Compilation album by Train
- Released: November 9, 2018
- Recorded: 1996–2018
- Studio: Various
- Genres: Rock, pop rock, roots rock
- Length: 66:26
- Label: Columbia

Train chronology
| A Girl, a Bottle, a Boat (2017) | Greatest Hits (2018) | AM Gold (2022) |

Singles from Greatest Hits
- "Call Me Sir" Released: May 24, 2018;

= Greatest Hits (Train album) =

Greatest Hits is the first compilation album by the American rock band Train, released on November 9, 2018, through Columbia Records.
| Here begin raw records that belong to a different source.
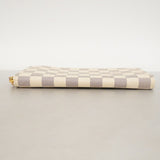 【6ca1373-k】ルイヴィトン 長財布 ダミエ・アズール ポルトフォイユクレマンス N61264 ホワイト ローズバレリーヌ【中古】レディース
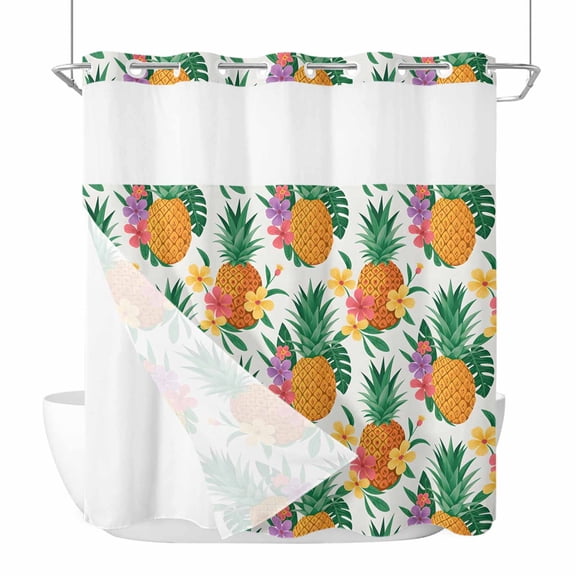 No Hook Summer Pineapple Shower Curtain with Snap in Liner Set, Tropical Fruit Flowers Palm Leaves Waterproof Fabric Bathroom Curtains with See Through Top Window, Hotel Style Standard 72 x 72 Inch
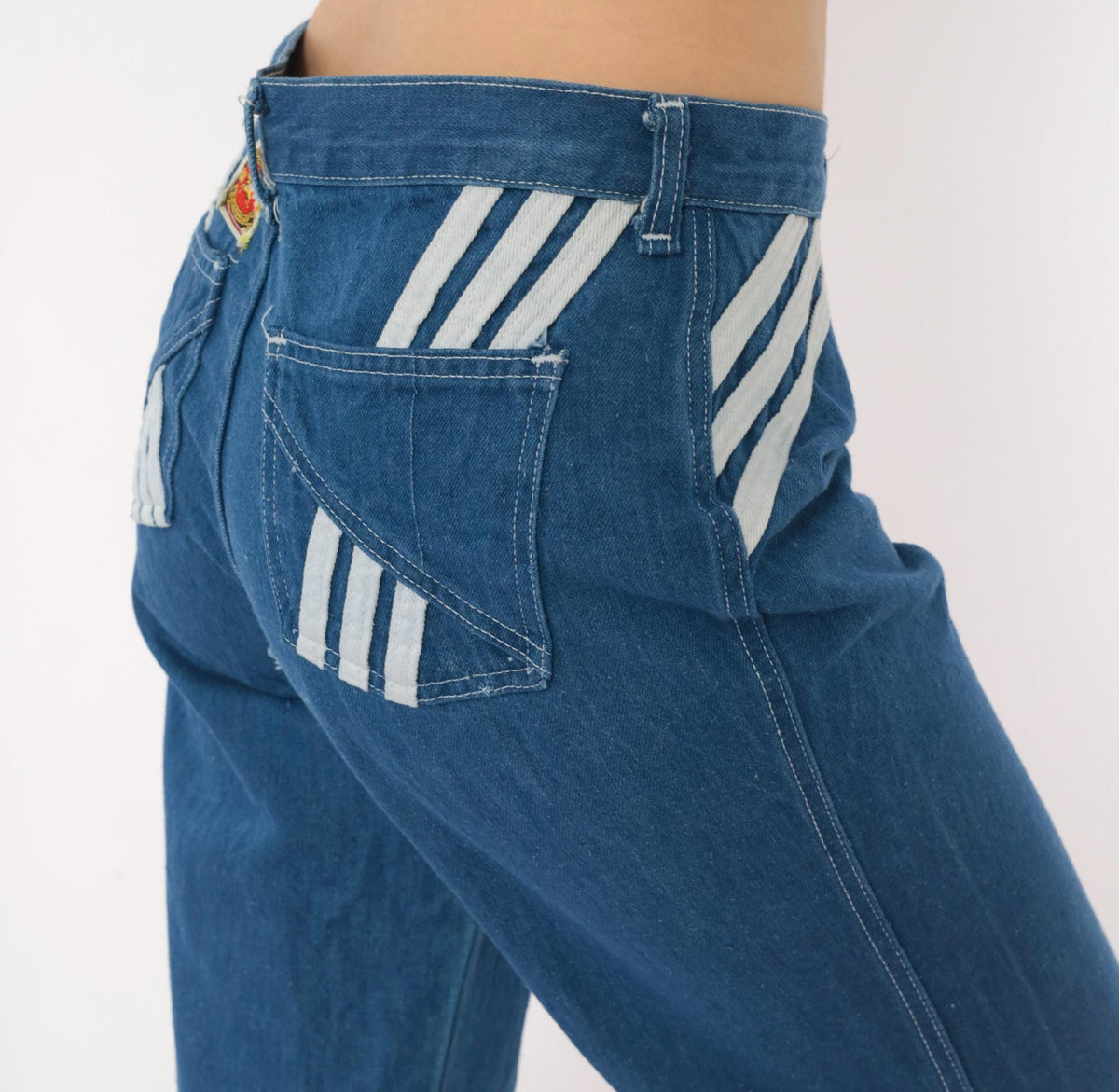 70s Viceroy Sportswear Bell Bottom Jeans Blue Denim White Stripe Medium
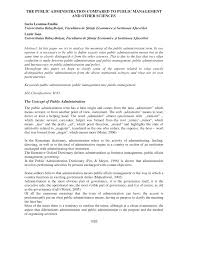 Pdf The Public Administration Compared To Public Management And Other Sciences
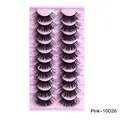 10 Paar dramatische künstliche Wimpern auf rosa gestreiftem Tablett Pink-10D26 - Westlicher gekreuzter Stil (Pink-10D26)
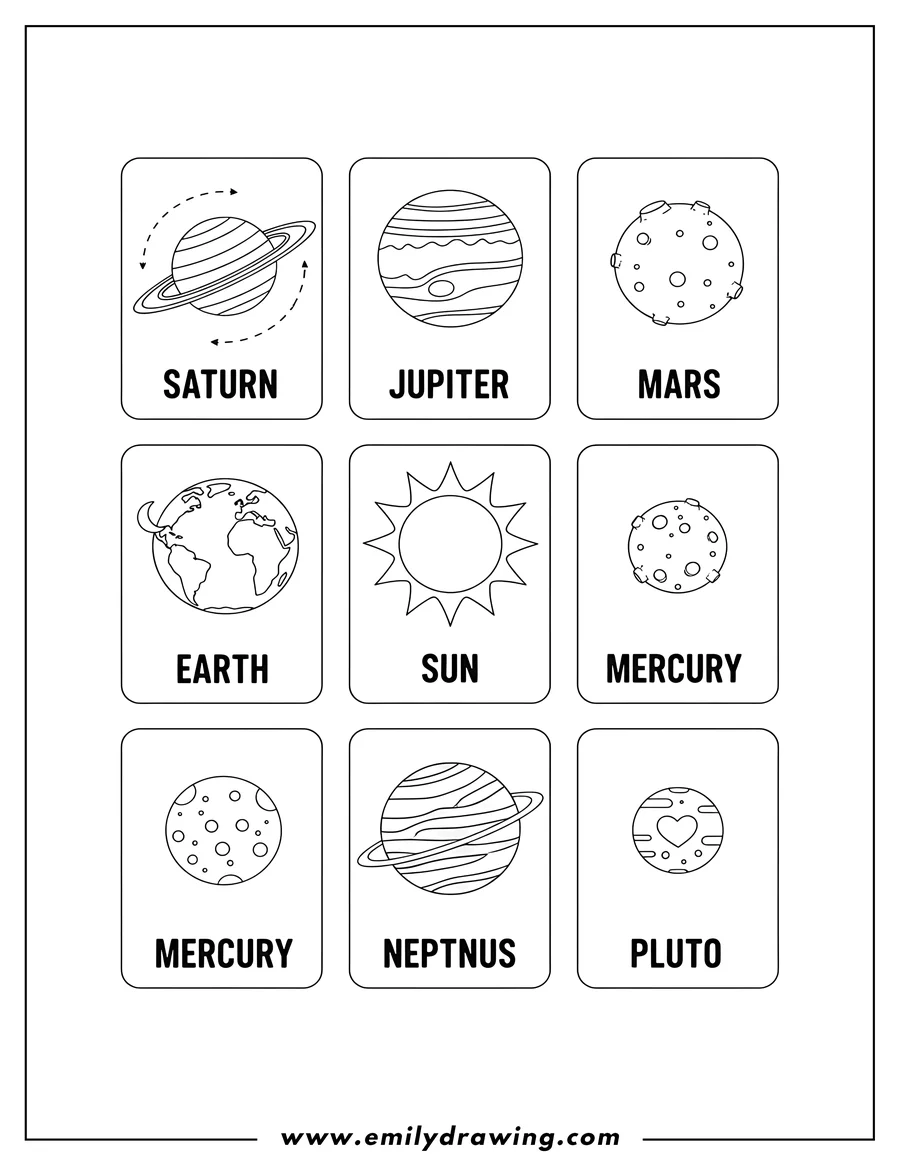 Outline drawing of planets Solar System Flash Cards To Color, featuring 9 celestial bodies with their names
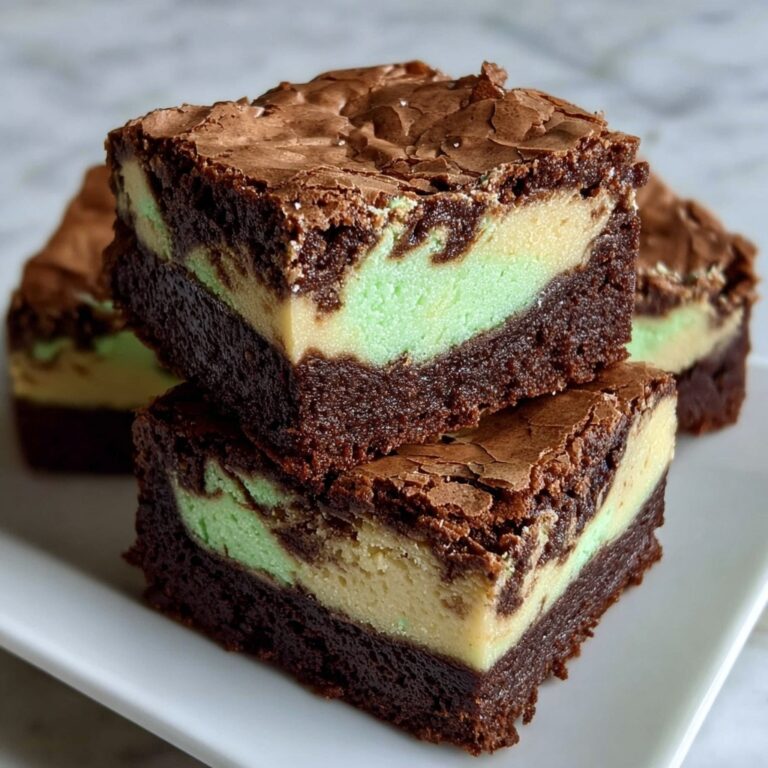 Fudgy Mint Chocolate Chip Cheesecake Swirl Brownies Recipe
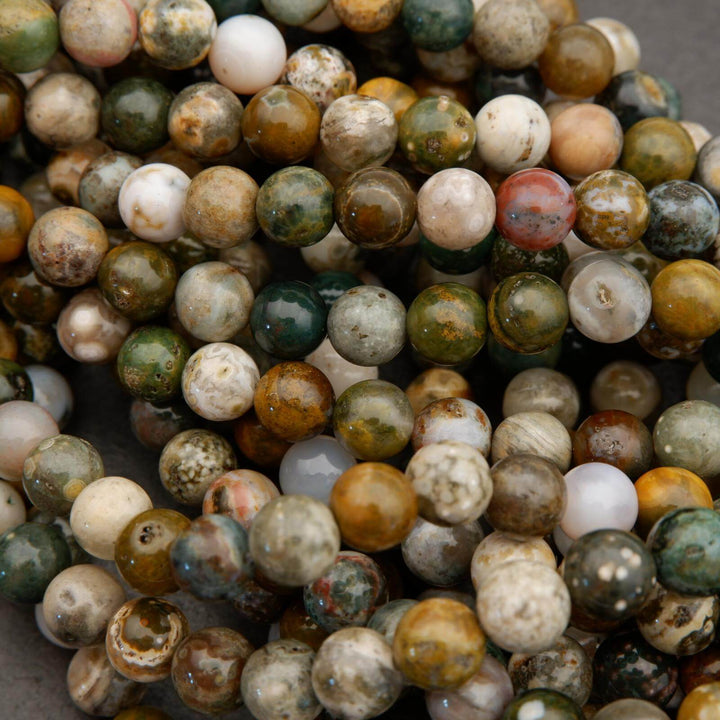 Kambaby Ocean Jasper · Smooth · Round ·  6mm, 8mm, Tejas Beads, Beads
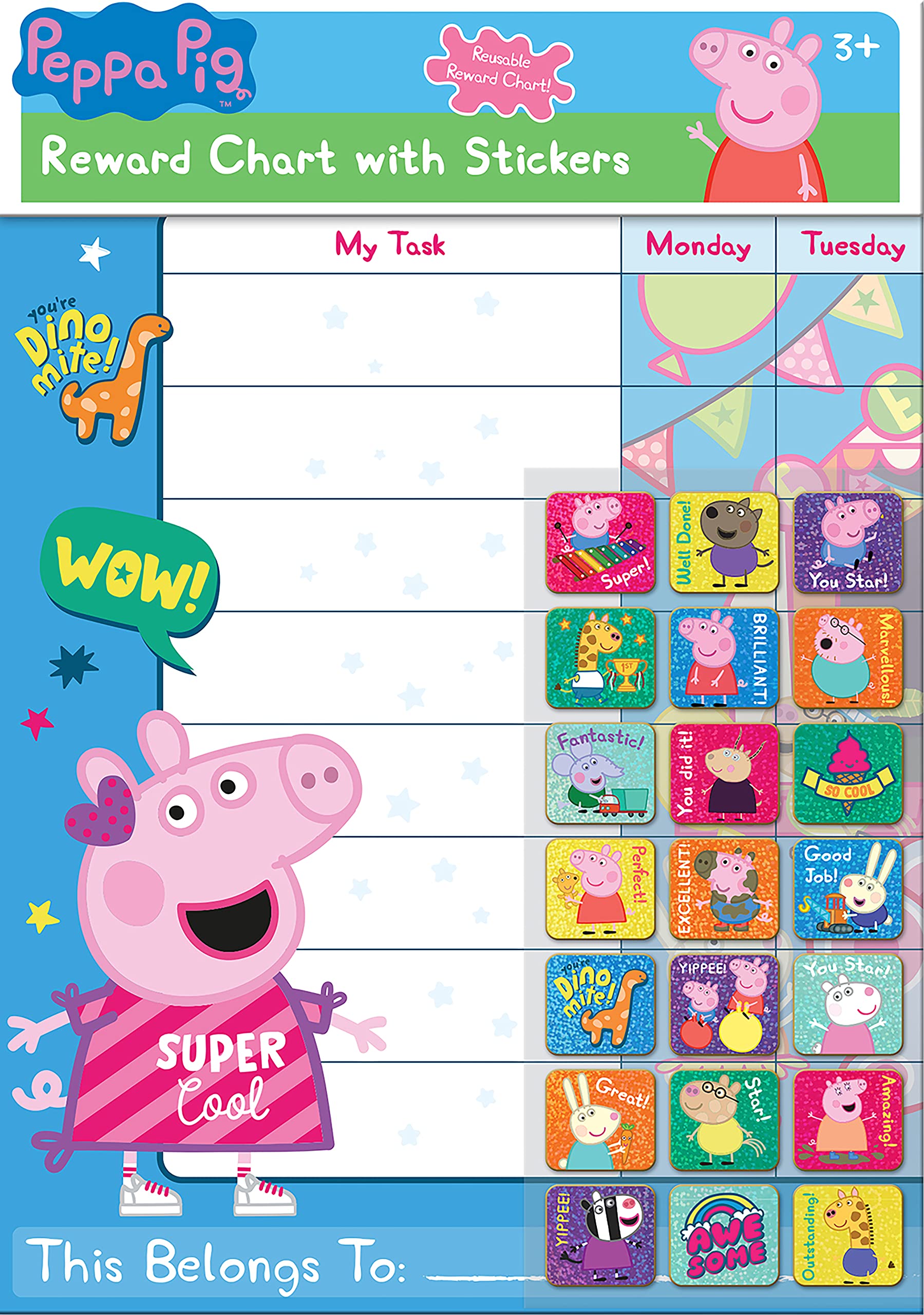 Paper Projects Peppa Pig Everyday Reward Chart with 56 Sparkly Stickers | Ages 3+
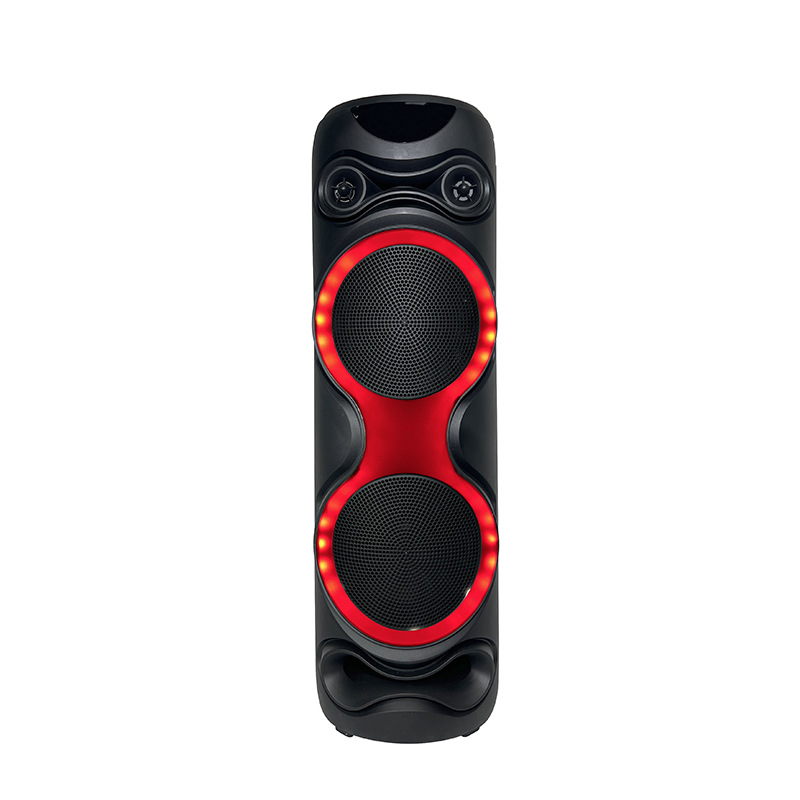 Hot sale transfronterizo doble 10 pulgadas 20W altavoces recargables boda espectáculo de negocios Bluetooth K canción con doble micrófono LED luz de color RTS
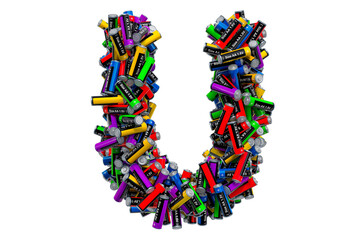Letter U from colored AA batteries, 3D rendering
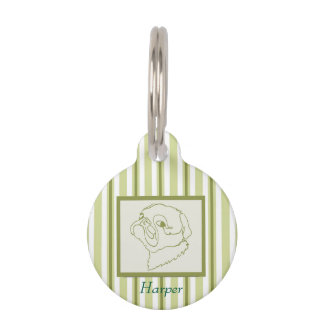 Customisable Line art Pug Pet Tag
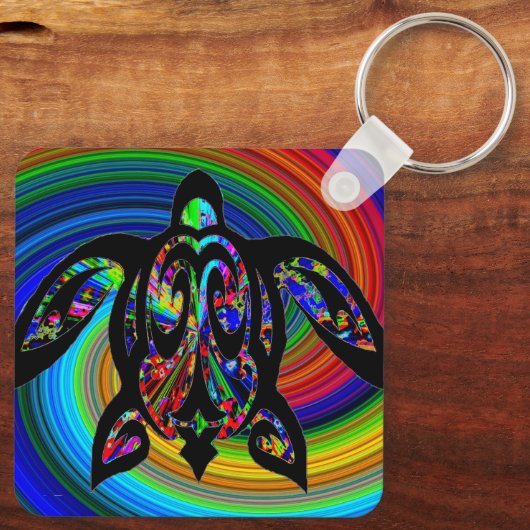Porte-clés Porte - clé Rainbow Turtle (Verso)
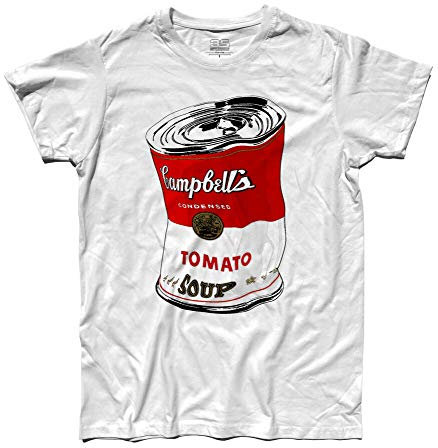Men's Andy Warhol Campbell's Crumpled Red Pop Art. White L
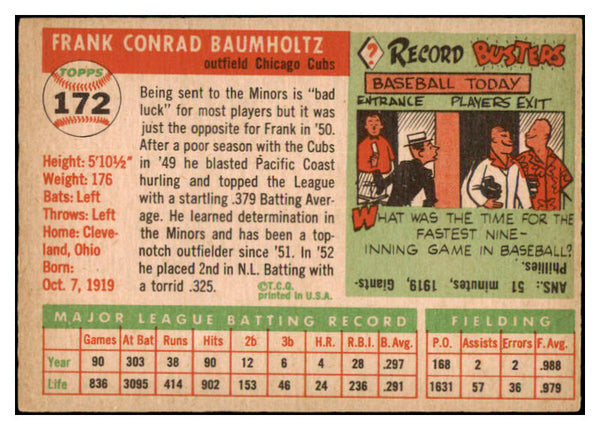 1955 Topps Baseball #172 Frank Baumholtz Cubs NR-MT 501384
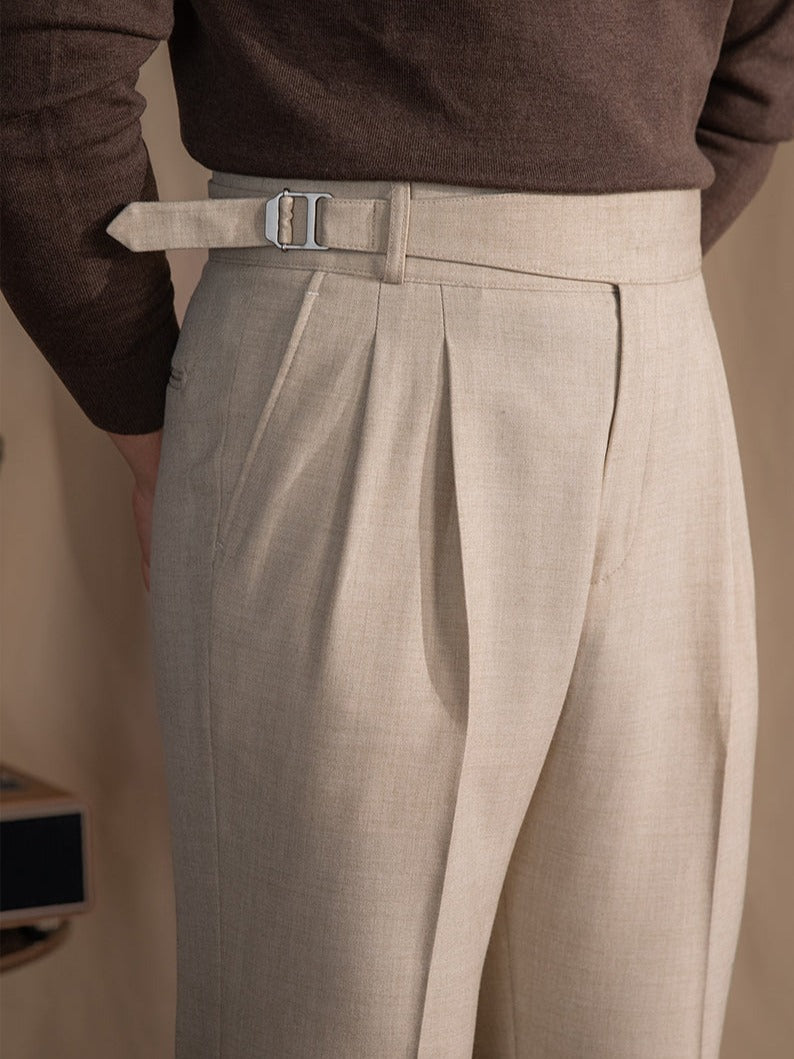 Men's Vicenza Gurkha Double Pleated Straight Fit Trousers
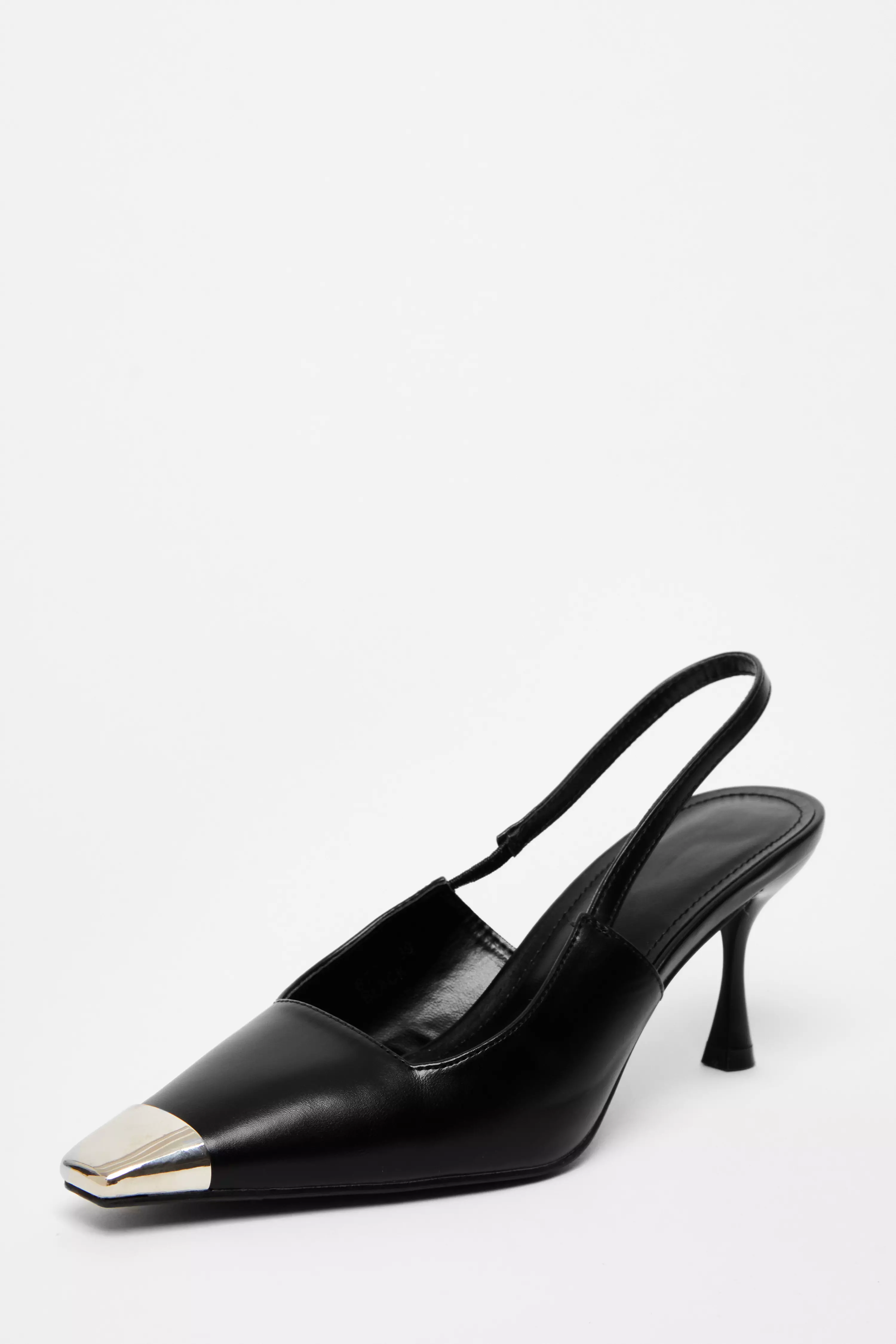 Black Patent Court Heel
It includes a cover of Wham!'s
"Careless Whisper" featuring saxophonist Kenny G, as well as the single "Call Me Sir" and tracks from all their studio albums.

==Background==
Frontman Pat Monahan stated that he avoided putting out a greatest hits album because he "always thought of those records as a way of saying, 'Welp, it was fun while it lasted' and that stressed me out." Monahan said he later came around to the idea of compiling the band's hits as "We live in a new music world now and having people be able to find songs they love faster and easier seems like a great idea."

==Track listing==

| No. | Title | Length |
|---|---|---|
| 1. | "Meet Virginia" (from Train, 1998) | 4:00 |
| 2. | "Drops of Jupiter" (from Drops of Jupiter, 2001) | 4:20 |
| 3. | "Calling All Angels" (from My Private Nation, 2003) | 4:02 |
| 4. | "Get to Me" (from My Private Nation) | 4:05 |
| 5. | "When I Look to the Sky" (from My Private Nation) | 4:04 |
| 6. | "Cab" (from For Me, It's You, 2006) | 3:22 |
| 7. | "Hey, Soul Sister" (from Save Me, San Francisco, 2009) | 3:36 |
| 8. | "If It's Love" (from Save Me, San Francisco) | 3:59 |
| 9. | "Marry Me" (from Save Me, San Francisco) | 3:25 |
| 10. | "Save Me, San Francisco" (from Save Me, San Francisco) | 4:09 |
| 11. | "Drive By" (from California 37, 2012) | 3:16 |
| 12. | "50 Ways to Say Goodbye" (from California 37) | 4:08 |
| 13. | "Bruises" (featuring Ashley Monroe; From California 37) | 3:51 |
| 14. | "Angel in Blue Jeans" (from Bulletproof Picasso, 2014) | 3:26 |
| 15. | "Play That Song" (from A Girl, a Bottle, a Boat, 2017) | 4:01 |
| 16. | "Call Me Sir" (featuring Cam and Travie McCoy; previously unreleased) | 3:35 |
| 17. | "Careless Whisper" (featuring Kenny G; Wham! cover) | 5:07 |
| Total length: |  | 66:26 |

==Charts==

| Chart (2018) | Peak position |
|---|---|
| Scottish Albums (Official Charts) | 90 |
| US Billboard 200 | 105 |

== Certifications ==

| Region | Certification | Certified units/sales |
| Australia (ARIA) | Gold | 35,000^{‡} |
| United Kingdom (BPI) | Gold | 100,000^{‡} |
^{‡} Sales+streaming figures based on certification alone.